As an MS CM Engineer Core, you will ensure end-to-end fault, incident, and problem management with a focus on meeting SLA/OLA targets. Handle high-level escalations and resolve complex network issues through in-depth technical and procedural expertise.
You have:
- 6-10 years of experience in OpenStack Cloud with a degree equivalent to B.E./B.Tech.
- Hands-on experience with OpenShift Container Platform, including installation, configuration, container platform, and administration.
- Perform a Daily health check of the cluster and fix issues based on observations. Implement and customize Grafana dashboards as required to effectively monitor the cluster.
- Assist the application team in resolving issues with pods like crash loopback, image pullback, and other errors. Assist in implementing best practices to configure readiness and liveness probes.
- Manage, modify SCC based on custom requirements and assign to specific projects, and perform certificate management when the existing certificates expire and when needed.
- Check cluster utilization and share reports to the business when needed. Forecast capacity growth requirements and handle capacity increase, and end-to-end architectural knowledge on ACM, ACS, and ODF.
It would be nice if you also had:
- Knowledge ofRHOCP Architecture and experience in Microservices, Containers & Orchestration (Kubernetes, Docker).
- Knowledge of ticketing tools like ITSM, Incident management, problem management change management.
- Fault management/configuration of Red Hat OpenShift Platform and coordinate with Project teams for HLD/LLD/TOL/Design reviews.

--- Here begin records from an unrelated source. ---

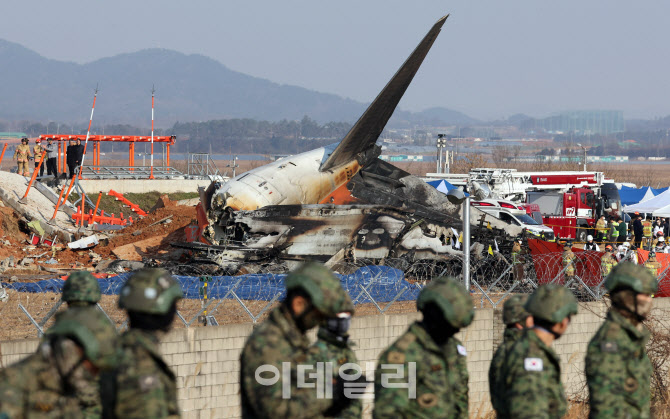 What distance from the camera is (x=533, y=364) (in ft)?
20.7

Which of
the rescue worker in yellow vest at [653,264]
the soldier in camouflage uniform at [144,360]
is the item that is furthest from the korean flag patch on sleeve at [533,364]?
the rescue worker in yellow vest at [653,264]

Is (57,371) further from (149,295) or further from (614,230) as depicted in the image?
(614,230)

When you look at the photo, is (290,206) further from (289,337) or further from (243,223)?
(289,337)

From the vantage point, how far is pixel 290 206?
23.7 m

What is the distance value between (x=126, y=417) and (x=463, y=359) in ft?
8.92

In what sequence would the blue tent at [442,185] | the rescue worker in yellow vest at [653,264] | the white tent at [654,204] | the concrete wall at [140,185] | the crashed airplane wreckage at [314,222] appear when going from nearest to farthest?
the rescue worker in yellow vest at [653,264]
the crashed airplane wreckage at [314,222]
the white tent at [654,204]
the concrete wall at [140,185]
the blue tent at [442,185]

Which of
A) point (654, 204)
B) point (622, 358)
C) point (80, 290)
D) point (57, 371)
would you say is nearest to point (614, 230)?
point (654, 204)

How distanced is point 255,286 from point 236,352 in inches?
264

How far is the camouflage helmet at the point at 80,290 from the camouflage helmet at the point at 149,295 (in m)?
1.65

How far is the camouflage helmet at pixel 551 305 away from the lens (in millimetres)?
6496

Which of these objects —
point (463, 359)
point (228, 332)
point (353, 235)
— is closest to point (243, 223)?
point (353, 235)

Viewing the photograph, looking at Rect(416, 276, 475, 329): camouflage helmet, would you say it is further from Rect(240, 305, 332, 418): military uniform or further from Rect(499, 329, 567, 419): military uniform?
Rect(240, 305, 332, 418): military uniform

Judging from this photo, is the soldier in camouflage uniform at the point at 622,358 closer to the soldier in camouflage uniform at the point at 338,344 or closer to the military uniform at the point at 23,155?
the soldier in camouflage uniform at the point at 338,344

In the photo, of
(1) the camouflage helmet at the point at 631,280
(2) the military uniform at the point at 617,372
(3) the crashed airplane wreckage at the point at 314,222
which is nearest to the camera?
(2) the military uniform at the point at 617,372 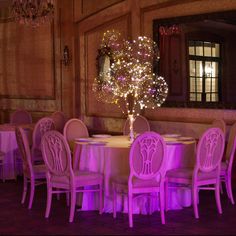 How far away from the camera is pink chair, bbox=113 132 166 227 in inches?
213

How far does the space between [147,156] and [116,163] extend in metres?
0.56

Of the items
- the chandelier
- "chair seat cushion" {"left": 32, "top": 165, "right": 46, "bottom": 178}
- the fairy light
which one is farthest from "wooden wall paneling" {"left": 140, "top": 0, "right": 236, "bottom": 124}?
"chair seat cushion" {"left": 32, "top": 165, "right": 46, "bottom": 178}

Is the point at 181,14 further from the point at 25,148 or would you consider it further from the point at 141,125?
the point at 25,148

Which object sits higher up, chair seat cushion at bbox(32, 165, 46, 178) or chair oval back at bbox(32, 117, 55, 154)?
chair oval back at bbox(32, 117, 55, 154)

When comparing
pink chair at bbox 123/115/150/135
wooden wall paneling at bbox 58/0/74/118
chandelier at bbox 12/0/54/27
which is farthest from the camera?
wooden wall paneling at bbox 58/0/74/118

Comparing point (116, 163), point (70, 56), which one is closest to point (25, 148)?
point (116, 163)

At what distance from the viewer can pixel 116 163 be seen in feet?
19.4

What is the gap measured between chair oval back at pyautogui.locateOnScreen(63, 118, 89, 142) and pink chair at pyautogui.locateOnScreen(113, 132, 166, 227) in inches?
76.3

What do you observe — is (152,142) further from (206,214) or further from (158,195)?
(206,214)

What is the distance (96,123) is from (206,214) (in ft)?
13.2

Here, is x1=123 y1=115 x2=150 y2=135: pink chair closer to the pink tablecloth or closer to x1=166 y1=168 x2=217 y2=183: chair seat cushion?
the pink tablecloth

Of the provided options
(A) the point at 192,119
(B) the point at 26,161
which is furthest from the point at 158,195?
(A) the point at 192,119

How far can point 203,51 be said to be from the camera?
770cm

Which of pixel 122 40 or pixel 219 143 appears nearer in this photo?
pixel 219 143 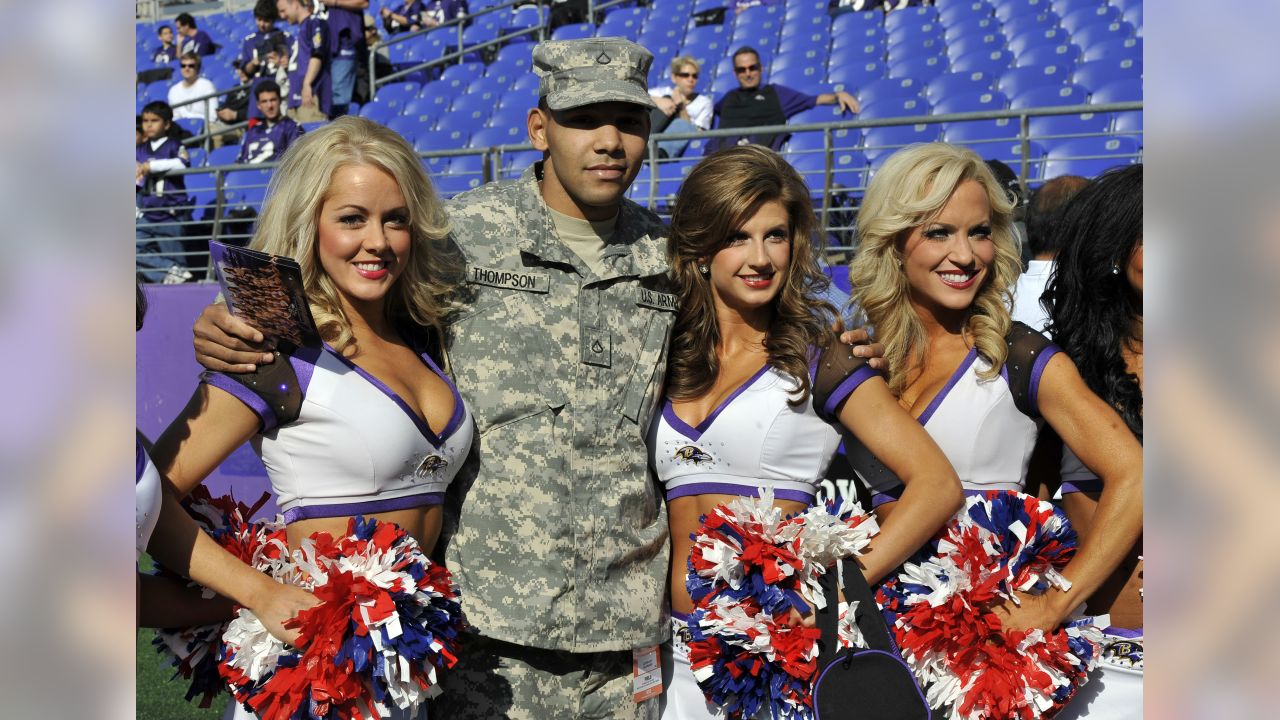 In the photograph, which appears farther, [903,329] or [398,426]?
[903,329]

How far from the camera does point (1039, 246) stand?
198 inches

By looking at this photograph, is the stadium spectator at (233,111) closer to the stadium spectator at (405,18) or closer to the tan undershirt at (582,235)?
the stadium spectator at (405,18)

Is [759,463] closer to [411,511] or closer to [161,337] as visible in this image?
[411,511]

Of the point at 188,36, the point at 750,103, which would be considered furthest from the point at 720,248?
the point at 188,36

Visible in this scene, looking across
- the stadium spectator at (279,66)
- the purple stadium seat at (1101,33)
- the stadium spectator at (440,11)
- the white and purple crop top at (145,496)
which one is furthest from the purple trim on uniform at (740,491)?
the stadium spectator at (440,11)

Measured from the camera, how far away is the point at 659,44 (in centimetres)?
1342

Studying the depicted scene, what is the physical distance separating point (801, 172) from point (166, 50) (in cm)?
1229

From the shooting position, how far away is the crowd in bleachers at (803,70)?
8.90 meters

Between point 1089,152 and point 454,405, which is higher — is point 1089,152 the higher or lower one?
the higher one

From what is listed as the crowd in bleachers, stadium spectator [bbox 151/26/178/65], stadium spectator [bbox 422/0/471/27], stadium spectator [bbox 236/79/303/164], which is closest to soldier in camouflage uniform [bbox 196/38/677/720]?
the crowd in bleachers

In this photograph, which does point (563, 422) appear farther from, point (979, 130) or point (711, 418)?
point (979, 130) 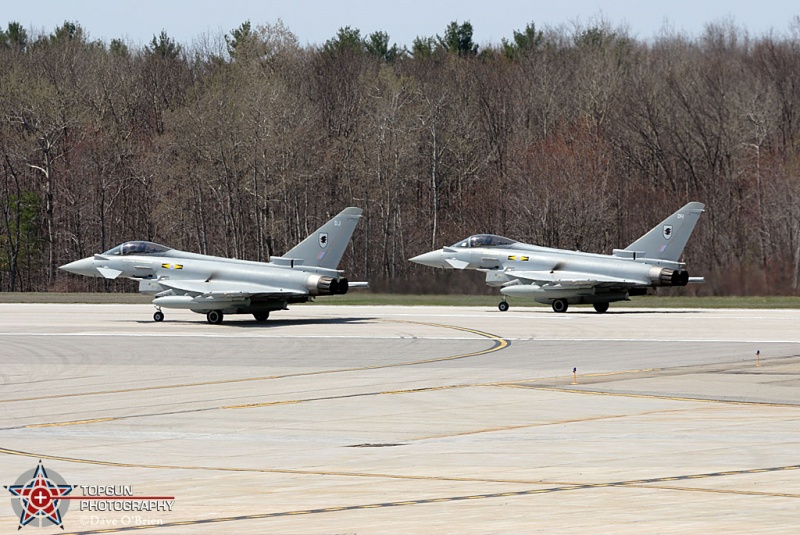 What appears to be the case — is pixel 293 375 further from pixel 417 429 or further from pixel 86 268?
pixel 86 268

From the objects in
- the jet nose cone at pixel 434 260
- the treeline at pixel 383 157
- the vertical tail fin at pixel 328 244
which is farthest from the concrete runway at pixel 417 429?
the treeline at pixel 383 157

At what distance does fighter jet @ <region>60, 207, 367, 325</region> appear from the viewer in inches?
1540

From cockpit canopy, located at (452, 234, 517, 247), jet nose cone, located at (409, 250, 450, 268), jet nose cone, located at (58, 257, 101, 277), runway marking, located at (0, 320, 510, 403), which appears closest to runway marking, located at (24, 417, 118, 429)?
runway marking, located at (0, 320, 510, 403)

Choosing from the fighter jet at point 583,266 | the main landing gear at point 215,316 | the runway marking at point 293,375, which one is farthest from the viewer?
the fighter jet at point 583,266

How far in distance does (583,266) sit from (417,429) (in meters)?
30.0

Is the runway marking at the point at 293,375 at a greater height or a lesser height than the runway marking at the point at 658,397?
greater

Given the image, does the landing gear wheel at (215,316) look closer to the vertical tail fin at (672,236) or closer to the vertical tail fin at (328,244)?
the vertical tail fin at (328,244)

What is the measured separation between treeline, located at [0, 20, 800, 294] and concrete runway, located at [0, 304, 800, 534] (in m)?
40.3

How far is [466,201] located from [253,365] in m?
55.9

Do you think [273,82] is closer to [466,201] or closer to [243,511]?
[466,201]

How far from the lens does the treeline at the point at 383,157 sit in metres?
74.7

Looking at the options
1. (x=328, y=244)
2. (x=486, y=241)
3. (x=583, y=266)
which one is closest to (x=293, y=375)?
(x=328, y=244)

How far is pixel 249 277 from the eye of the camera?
4031 centimetres

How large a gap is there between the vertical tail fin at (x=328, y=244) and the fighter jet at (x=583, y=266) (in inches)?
362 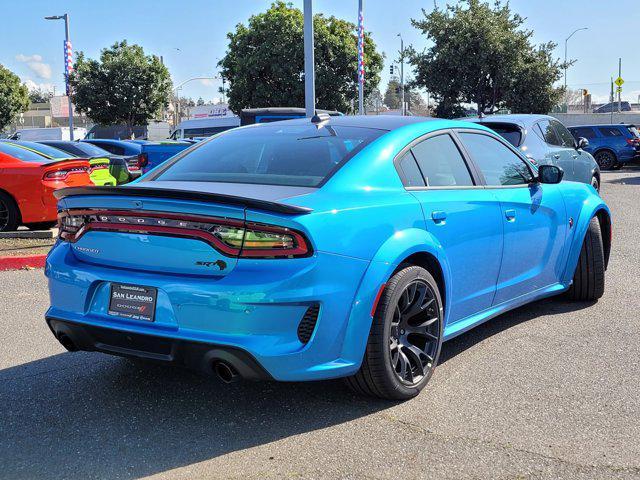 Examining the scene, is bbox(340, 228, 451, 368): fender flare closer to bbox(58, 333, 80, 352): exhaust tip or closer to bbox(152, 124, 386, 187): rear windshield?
bbox(152, 124, 386, 187): rear windshield

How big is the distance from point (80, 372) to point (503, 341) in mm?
2745

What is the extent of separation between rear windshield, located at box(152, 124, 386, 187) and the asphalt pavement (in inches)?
46.1

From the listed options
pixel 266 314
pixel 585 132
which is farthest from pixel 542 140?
pixel 585 132

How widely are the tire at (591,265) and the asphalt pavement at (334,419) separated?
0.79 metres

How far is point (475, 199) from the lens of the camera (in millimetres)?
4293

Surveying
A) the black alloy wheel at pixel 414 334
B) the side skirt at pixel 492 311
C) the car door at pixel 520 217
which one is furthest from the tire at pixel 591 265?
the black alloy wheel at pixel 414 334

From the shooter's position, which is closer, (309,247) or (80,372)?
(309,247)

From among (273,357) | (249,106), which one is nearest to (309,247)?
(273,357)

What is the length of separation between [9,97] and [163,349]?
54310mm

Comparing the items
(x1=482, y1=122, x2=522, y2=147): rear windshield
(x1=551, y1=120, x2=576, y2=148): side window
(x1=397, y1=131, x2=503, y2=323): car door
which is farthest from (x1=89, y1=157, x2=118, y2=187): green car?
(x1=397, y1=131, x2=503, y2=323): car door

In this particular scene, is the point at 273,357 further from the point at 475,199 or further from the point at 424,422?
the point at 475,199

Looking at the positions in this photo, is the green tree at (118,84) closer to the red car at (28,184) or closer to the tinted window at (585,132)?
the tinted window at (585,132)

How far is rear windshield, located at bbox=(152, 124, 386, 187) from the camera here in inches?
149

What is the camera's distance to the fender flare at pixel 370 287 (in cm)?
328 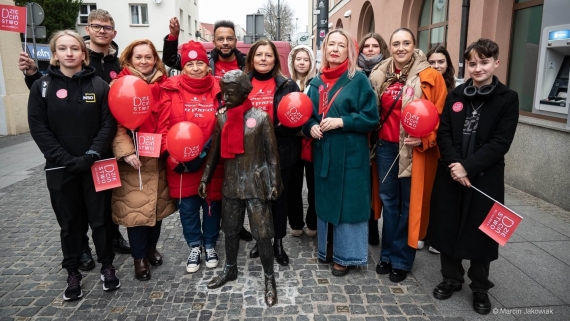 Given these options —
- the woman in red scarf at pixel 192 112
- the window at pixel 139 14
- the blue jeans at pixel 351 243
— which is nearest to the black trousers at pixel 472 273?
the blue jeans at pixel 351 243

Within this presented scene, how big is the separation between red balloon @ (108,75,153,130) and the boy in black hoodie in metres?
0.13

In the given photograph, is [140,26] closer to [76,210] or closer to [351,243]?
[76,210]

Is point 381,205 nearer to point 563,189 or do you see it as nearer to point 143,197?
point 143,197

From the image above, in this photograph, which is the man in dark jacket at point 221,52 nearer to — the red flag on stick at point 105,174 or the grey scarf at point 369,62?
the grey scarf at point 369,62

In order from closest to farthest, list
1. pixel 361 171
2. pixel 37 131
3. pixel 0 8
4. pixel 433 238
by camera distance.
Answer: pixel 37 131 < pixel 433 238 < pixel 361 171 < pixel 0 8

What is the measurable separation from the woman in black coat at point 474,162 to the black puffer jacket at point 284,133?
4.22 feet

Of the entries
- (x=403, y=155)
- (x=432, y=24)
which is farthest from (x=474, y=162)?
(x=432, y=24)

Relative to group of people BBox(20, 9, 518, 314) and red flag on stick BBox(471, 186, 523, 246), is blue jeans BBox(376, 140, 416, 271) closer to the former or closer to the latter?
group of people BBox(20, 9, 518, 314)

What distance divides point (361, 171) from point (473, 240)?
101 centimetres

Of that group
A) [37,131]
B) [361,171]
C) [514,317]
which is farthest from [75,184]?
[514,317]

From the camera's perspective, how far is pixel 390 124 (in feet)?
11.2

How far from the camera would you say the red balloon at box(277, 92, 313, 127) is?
308cm

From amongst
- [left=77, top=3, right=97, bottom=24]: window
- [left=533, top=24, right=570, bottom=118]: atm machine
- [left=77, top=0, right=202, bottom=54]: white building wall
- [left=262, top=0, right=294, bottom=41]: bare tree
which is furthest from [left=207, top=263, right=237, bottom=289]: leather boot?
[left=262, top=0, right=294, bottom=41]: bare tree

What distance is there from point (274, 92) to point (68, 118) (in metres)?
1.71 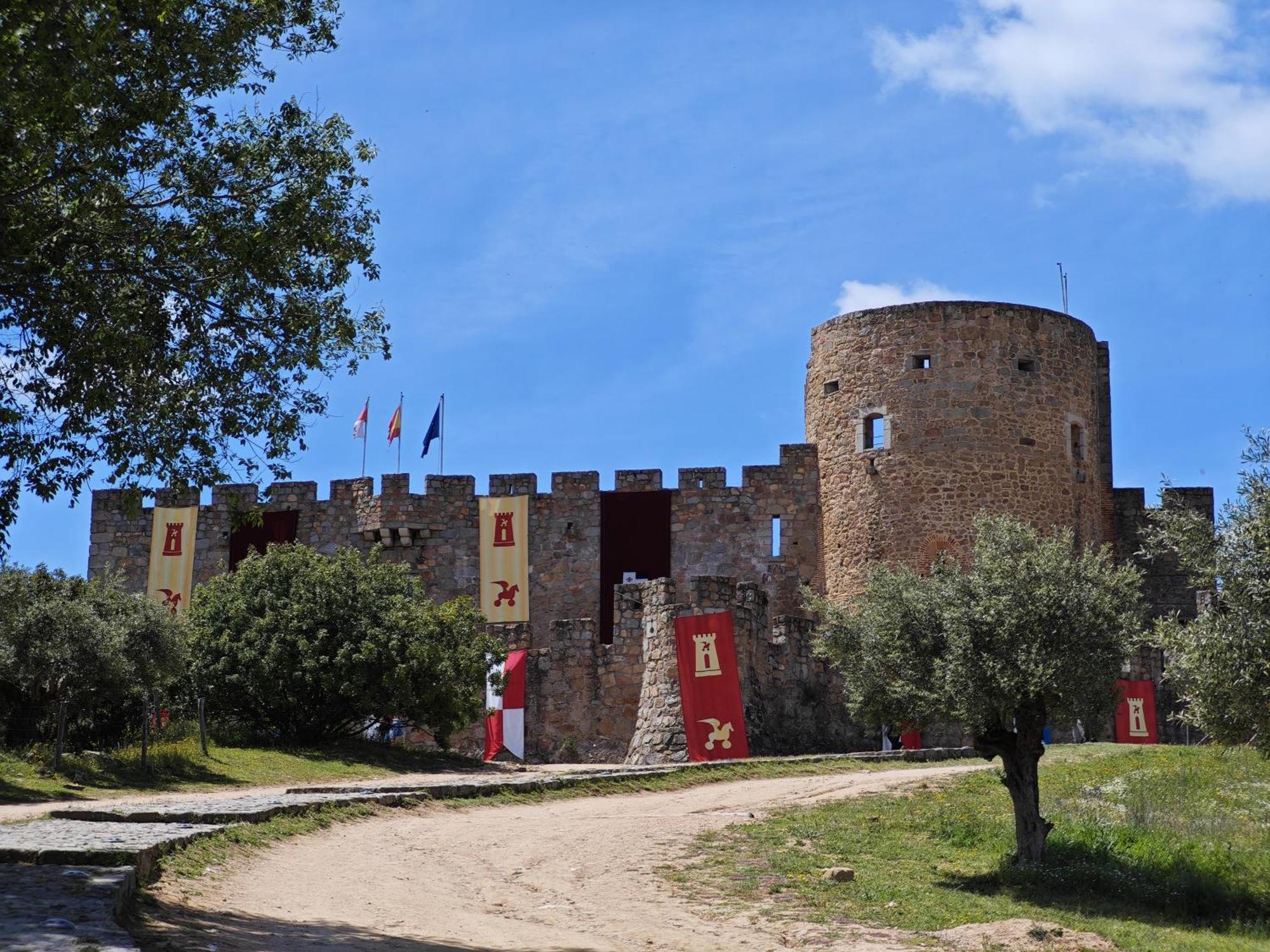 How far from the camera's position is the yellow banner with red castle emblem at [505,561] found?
1503 inches

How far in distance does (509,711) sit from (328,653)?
5.65 metres

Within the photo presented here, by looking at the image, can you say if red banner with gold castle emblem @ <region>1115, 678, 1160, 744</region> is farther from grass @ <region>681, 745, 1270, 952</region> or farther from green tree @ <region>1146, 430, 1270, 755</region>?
green tree @ <region>1146, 430, 1270, 755</region>

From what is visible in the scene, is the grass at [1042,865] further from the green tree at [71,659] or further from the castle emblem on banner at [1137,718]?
the castle emblem on banner at [1137,718]

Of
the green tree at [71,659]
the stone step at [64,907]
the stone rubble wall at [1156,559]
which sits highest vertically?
the stone rubble wall at [1156,559]

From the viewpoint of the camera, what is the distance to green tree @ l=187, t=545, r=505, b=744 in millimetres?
24516

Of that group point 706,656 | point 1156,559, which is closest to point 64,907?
point 706,656

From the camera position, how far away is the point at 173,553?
4025 cm

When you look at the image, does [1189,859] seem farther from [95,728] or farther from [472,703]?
[95,728]

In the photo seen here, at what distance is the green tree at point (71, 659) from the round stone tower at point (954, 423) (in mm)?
16482

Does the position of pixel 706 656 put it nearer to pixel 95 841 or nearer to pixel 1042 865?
pixel 1042 865

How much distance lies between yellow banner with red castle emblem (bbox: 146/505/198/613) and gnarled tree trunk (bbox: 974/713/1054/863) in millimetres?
28684

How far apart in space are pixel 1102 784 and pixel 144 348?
43.0 feet

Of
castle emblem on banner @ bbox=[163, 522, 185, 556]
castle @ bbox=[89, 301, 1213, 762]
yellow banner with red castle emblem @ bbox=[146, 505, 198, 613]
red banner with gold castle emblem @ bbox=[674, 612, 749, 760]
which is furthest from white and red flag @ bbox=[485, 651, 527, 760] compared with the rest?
castle emblem on banner @ bbox=[163, 522, 185, 556]

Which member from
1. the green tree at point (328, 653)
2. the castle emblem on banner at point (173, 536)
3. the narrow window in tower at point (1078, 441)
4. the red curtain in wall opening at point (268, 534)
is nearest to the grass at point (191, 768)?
the green tree at point (328, 653) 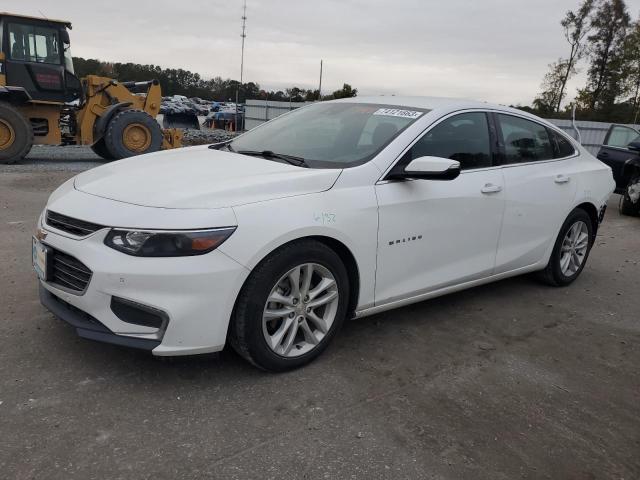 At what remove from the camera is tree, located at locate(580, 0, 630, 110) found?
36.9 m

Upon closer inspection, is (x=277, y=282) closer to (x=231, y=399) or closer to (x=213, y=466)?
(x=231, y=399)

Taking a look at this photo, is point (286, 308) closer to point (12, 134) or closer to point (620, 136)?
point (620, 136)

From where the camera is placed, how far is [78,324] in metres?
2.82

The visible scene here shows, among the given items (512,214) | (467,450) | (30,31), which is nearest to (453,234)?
(512,214)

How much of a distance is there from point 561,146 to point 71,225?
159 inches

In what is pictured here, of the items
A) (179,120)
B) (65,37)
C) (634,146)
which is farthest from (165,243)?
(179,120)

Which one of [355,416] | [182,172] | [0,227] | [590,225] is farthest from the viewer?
[0,227]

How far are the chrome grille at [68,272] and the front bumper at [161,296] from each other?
4 centimetres

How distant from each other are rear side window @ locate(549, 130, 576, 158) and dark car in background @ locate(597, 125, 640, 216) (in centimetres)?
553

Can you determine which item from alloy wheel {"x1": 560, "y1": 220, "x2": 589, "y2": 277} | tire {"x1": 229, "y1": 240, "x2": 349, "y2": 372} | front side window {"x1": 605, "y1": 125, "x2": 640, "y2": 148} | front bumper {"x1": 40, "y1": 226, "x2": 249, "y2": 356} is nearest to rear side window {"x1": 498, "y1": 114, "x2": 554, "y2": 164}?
alloy wheel {"x1": 560, "y1": 220, "x2": 589, "y2": 277}

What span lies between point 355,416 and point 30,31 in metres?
12.1

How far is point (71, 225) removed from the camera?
9.52ft

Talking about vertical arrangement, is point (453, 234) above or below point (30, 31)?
below

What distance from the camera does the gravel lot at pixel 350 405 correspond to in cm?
243
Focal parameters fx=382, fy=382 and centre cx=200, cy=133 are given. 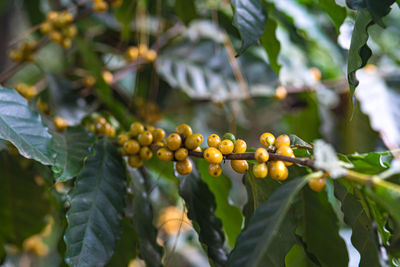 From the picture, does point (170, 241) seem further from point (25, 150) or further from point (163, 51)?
point (25, 150)

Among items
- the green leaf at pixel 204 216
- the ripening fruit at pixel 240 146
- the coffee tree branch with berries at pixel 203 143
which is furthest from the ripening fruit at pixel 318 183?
the green leaf at pixel 204 216

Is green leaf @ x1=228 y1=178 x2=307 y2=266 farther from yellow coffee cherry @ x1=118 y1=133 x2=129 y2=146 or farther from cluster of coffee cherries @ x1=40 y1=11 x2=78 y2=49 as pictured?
cluster of coffee cherries @ x1=40 y1=11 x2=78 y2=49

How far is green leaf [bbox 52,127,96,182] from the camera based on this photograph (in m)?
0.54

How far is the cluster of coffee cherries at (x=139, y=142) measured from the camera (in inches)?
23.6

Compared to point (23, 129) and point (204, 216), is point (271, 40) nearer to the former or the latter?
point (204, 216)

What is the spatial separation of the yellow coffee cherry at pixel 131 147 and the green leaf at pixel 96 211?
0.04 m

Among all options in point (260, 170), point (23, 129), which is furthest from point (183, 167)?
point (23, 129)

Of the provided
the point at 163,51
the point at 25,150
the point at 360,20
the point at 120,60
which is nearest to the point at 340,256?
the point at 360,20

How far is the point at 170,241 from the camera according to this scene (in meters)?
1.38

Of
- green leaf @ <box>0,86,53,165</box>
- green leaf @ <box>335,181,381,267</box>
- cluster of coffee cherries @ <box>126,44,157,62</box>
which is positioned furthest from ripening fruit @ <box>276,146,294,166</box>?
cluster of coffee cherries @ <box>126,44,157,62</box>

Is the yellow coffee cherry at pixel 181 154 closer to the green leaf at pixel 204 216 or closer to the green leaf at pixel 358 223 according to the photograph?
the green leaf at pixel 204 216

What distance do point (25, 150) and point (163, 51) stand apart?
2.39ft

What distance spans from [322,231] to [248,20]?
1.08ft

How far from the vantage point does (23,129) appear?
1.77 ft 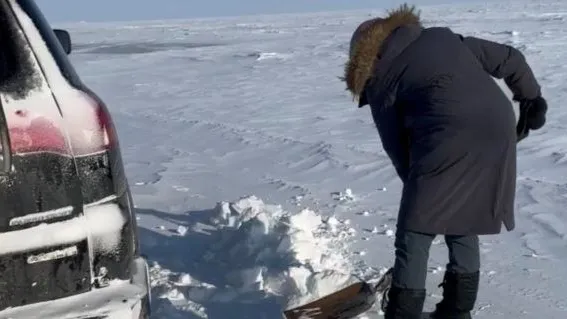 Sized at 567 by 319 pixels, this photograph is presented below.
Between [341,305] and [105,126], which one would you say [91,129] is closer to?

- Troubleshoot issues with worker nodes, maintenance, and scale-out tasks.
- Performing Maintenance activities on the cluster line, performing patching, configuration changes, installing operators, etc.
- Hand in Hand coordination with the project for network integration activities, and will handle the trouble ticket/CR within SLA, and drive for Automation of tasks.
- Handling customer issues and ensuring that end-customer services are maintained.
- MOP/WI preparation for the activities and new learnings, and coordinating with the care team for finding and analyzing the RCAs.
- Prepare, implement, and verify the configuration and integration of a Node / System, and will track issues related to tools and timely escalation as per the pre-defined matrix.
- Assist the application team in resolving issues with pods like crash loopback, image pullback, and other errors. Assist in implementing best practices to configure readiness and liveness probes. resources.